WHAT THIS TASK INVOLVES
Please repeat, exactly and without pictures, the lines of the entries below that run from the one containing "Schluss mit plattem" through the one containing "Cool Baby COOLBABY".

RECORDED INFORMATION
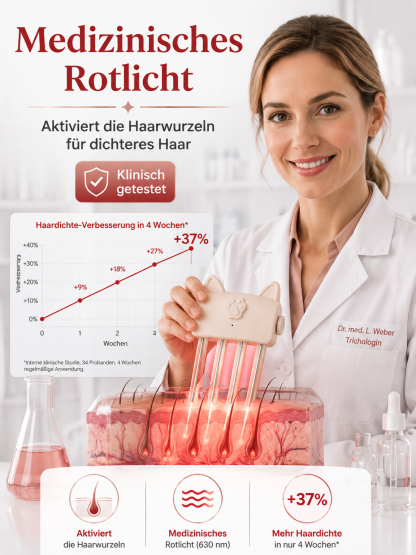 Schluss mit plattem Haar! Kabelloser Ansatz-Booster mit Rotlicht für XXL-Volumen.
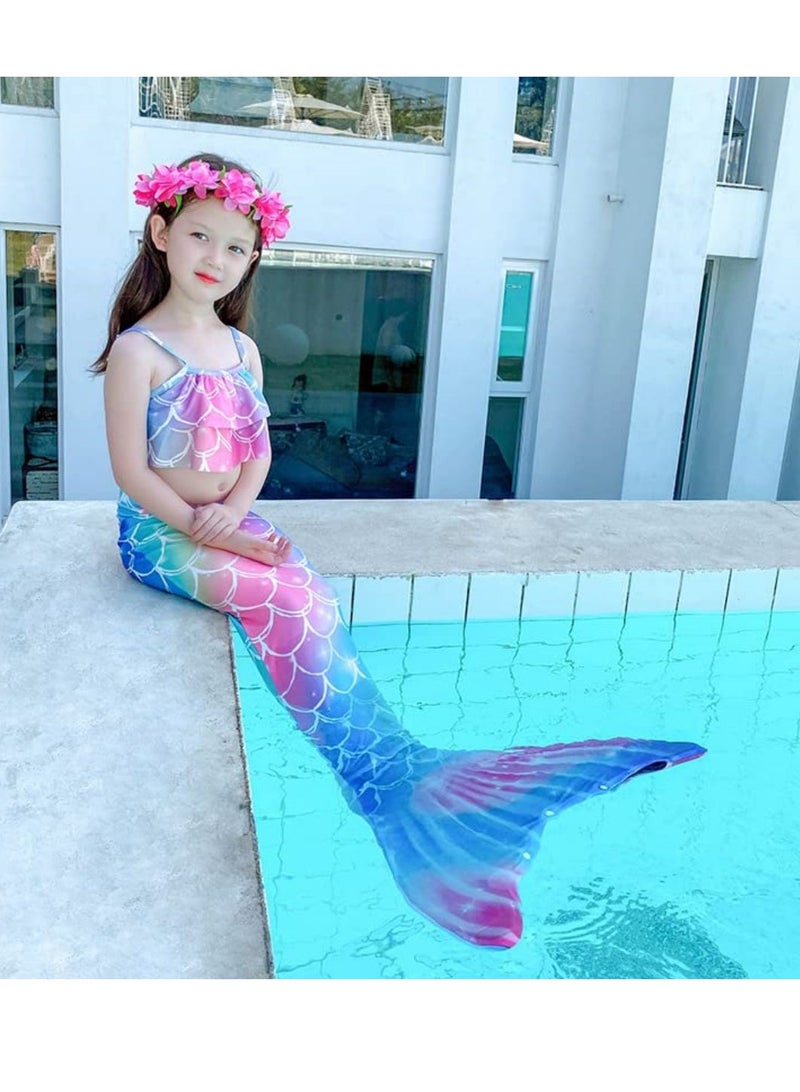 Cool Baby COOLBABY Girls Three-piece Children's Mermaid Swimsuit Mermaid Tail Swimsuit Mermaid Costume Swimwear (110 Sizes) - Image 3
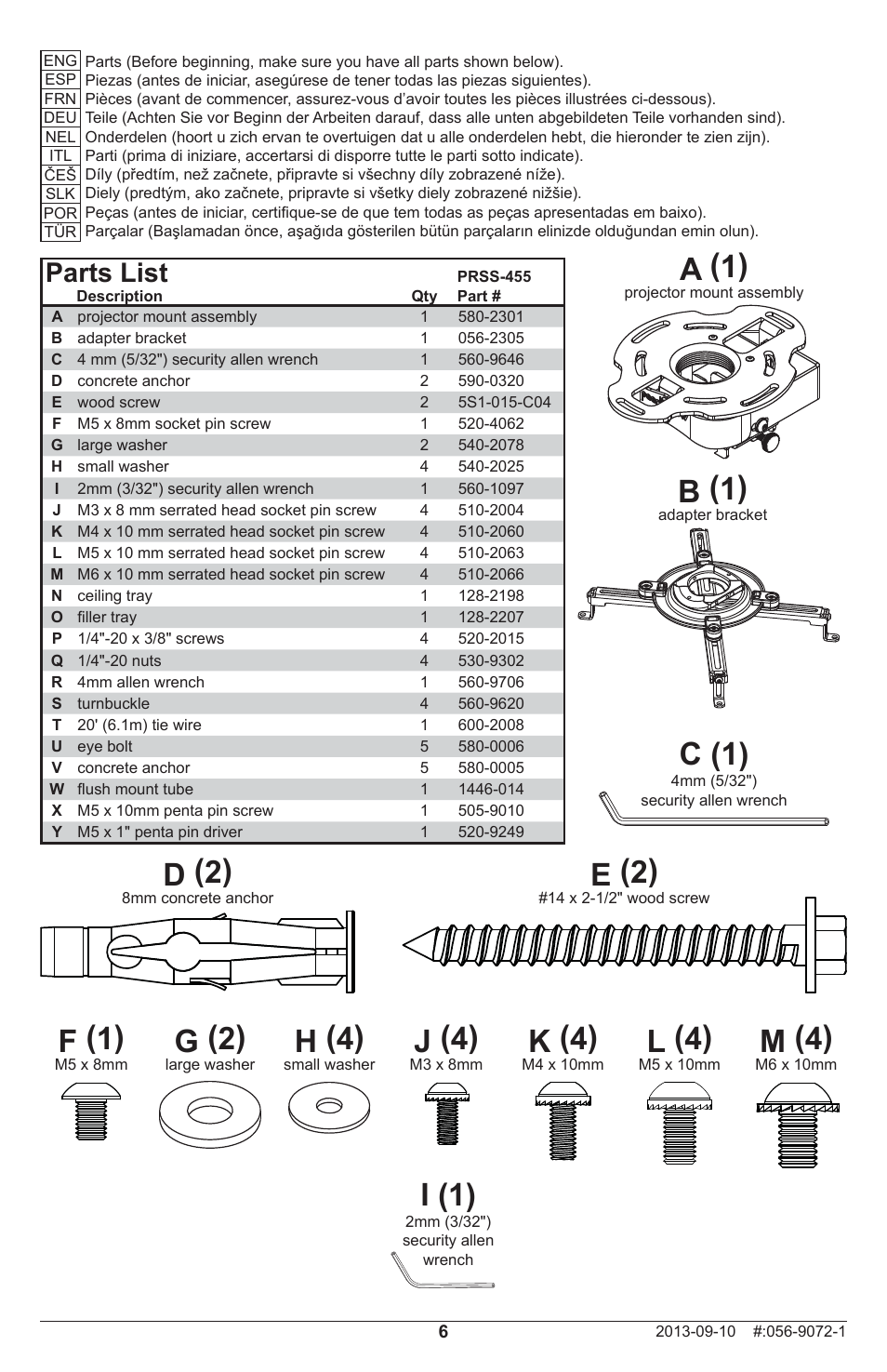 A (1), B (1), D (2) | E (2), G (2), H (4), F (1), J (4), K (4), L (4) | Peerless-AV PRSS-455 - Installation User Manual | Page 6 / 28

* * *

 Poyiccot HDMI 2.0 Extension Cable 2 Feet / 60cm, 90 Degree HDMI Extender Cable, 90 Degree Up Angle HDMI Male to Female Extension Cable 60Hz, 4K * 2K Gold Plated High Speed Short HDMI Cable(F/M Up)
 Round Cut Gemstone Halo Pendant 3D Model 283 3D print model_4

ANSWER SECTION
 Schluss mit plattem Haar! Kabelloser Ansatz-Booster mit Rotlicht für XXL-Volumen.
 Cool Baby COOLBABY Girls Three-piece Children's Mermaid Swimsuit Mermaid Tail Swimsuit Mermaid Costume Swimwear (110 Sizes) - Image 3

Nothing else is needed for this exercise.